Originally Posted by Krahl
your solution $0 \leq 0$ means that the equation is valid for all x.

notice the x's cancel out no matter what x is. plugging x=200 in to it you will see that the 200's will cancel out giving you -2. so whatever x is you will get $-2\leq2$ or $2\leq2$ because the first absolute value will always be 2 units away from the second absolute value depending on the sign of x.

The way i would solve these is to solve the equations;

1. $-(x-3)-(x-1)\leq2$
2. $(x-3)-(x-1)\leq2$
3. $-(x-3)+(x-1)\leq2$
4. $(x-3)+(x-1)\leq2$

and take the union of the solutions. because if x solves any one of these then it solves the original inequality.

Thanks but how did you get the 4 equations ? Can u explain that to me ?
• Aug 27th 2009, 10:53 AM
nikhil
correction
Quote:

Originally Posted by Krahl
your solution $0 \leq 0$ means that the equation is valid for all x.

notice the x's cancel out no matter what x is. plugging x=200 in to it you will see that the 200's will cancel out giving you -2. so whatever x is you will get $-2\leq2$ or $2\leq2$ because the first absolute value will always be 2 units away from the second absolute value depending on the sign of x.

The way i would solve these is to solve the equations;

1. $-(x-3)-(x-1)\leq2$
2. $(x-3)-(x-1)\leq2$
3. $-(x-3)+(x-1)\leq2$
4. $(x-3)+(x-1)\leq2$

and take the union of the solutions. because if x solves any one of these then it solves the original inequality.

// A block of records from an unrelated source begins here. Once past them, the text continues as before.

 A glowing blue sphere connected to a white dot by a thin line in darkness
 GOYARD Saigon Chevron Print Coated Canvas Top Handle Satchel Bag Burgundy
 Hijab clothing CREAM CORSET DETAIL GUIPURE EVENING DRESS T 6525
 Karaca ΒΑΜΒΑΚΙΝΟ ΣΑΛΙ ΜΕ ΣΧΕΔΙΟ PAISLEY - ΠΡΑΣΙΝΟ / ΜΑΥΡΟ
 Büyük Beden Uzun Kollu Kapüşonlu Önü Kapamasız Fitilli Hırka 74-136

you have not included the interval of x for which you opened the mod and you said to take the union of solution obtained from the inequations. this can be misleading sometimes for example
|x-1|-|x-3|>=4
let 1<=x<3 so we have
x-1+(x-3)>=4 or
2x-4>=4 or
x>=4 which contradicts with our interval
you can check this by putting x=4.you will get LHS=2 which is not >=4 so such solution should be discarded.
but if you will not write the interval of x for which you opened mod and took union of the intervals obtained then you might get wrong result.
• Aug 27th 2009, 11:02 AM
nikhil
hi thereddevils!!!
|x|=x if x>=0
=-x if x<0
|x-3|-|x-1|>=2
consider two points 1 and 3
take case i.e
1) x>=3
2) 1<=x<3
3)x<1
you will get 3 inequations. solve them and take the union of solution.
discard the solution if its interval does not match your interval i.e you took x>1 but your corresponding inequation gave x<3.(though you will not have this situation in this problem.)
• Aug 27th 2009, 11:07 AM
nikhil
TIP
whenever equation is like |x-a|+|x-b|+|x-c|....and so on >=n
then draw points a,b,c.... on number line.
now start taking interval i.e x<a then a<=x<b then b<=x<c and so on
this will help to solve inequality in an organised way